What examples of silly, obtuse, inflated, misleading or just plain wrong menu descriptions have you chortled or chuckled (but hopefully not choked) over lately?

Very intersting topic Bob.

Besides menu language, there are also lots of technical misuse of terminology and creative license.

As food and cooking technique has evolved over the years, things have become murky.

Diver Scallops.

At some point, people indeed dived or dove for scallops.

In fact I remember the famous line from Marco Pierre White's book "White Heat"

Redundancies

Redundancies have always been used to try to explain to culinary neophytes depending on how egregious the redundancy.

"Penne Pasta"

"Shiitake Mushroom"

"Ahi Tuna"

"Basil Pesto"

Ebellishment.

Embellisment is generally characterized into 3 categories.

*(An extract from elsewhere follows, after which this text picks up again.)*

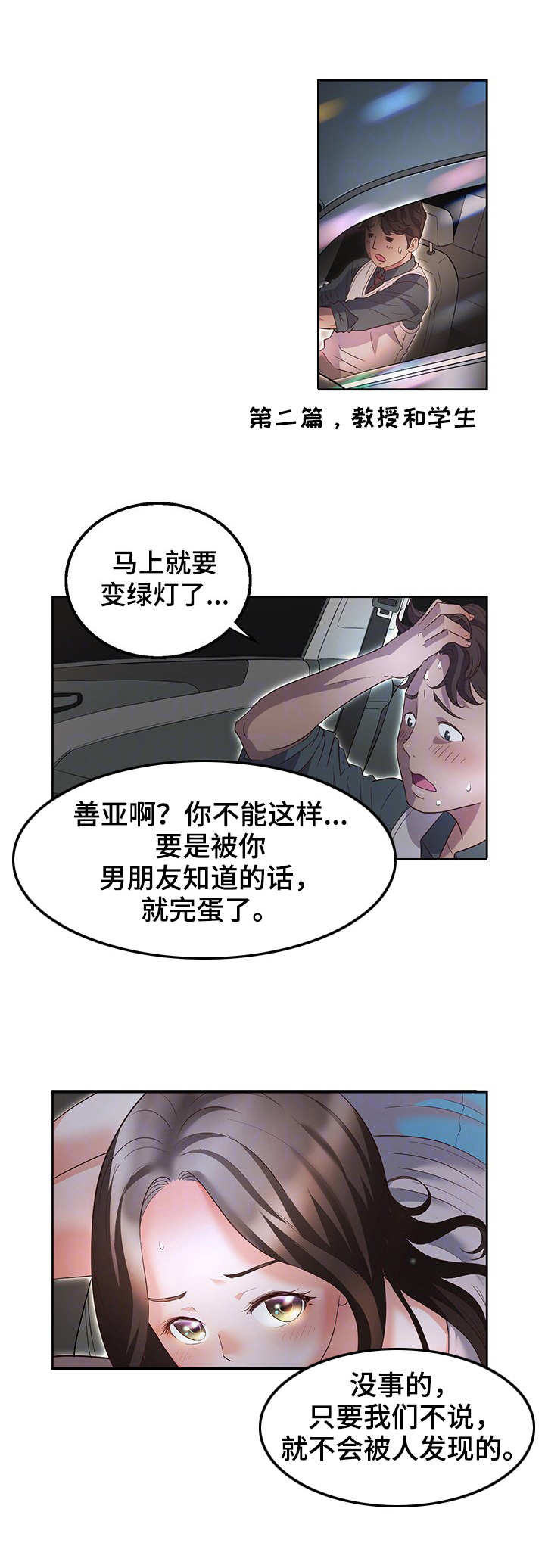 记事录漫画,第24章：美好时光4图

Simple embellishment , compound embellishment and disingenous BS.

Simple embellishers name every farm that grows the produce.

Example: Satur Farms Beets, white miso vinaigrette.

Most likely locale : New york city.

Compound embellishers add the people who raise the animals to the people who grow the produce to the degree that menu items start to be as long as Alexis de Tocquevile books.

Example: Snake River Farms flatiron steak with Anson Mills Polenta and creamed sonoma spinach.

Most Likely locale: You guessed it ....california between LA and sanfran.

Disingenous BS.

This is when the grower either unilaterally or in cahoots with a restaurant decides to add a superflous qualifier to produce that has already suffered from simple embellishment.

Example: Blue moon acres "Mezza" arugula.

Oh pardon me there is a huge difference between micro arugula and fully grown arugula but "Mezza" greens ???

What's next "Alto" tomatoes is early spring ?

Most likely locale : Somewhere in the AOL time warner center.

Next Topic :

Useless and gratuitous use of parentheses that allows you to charge more either by suggesting some special element or changing the language of basic foods from english to french.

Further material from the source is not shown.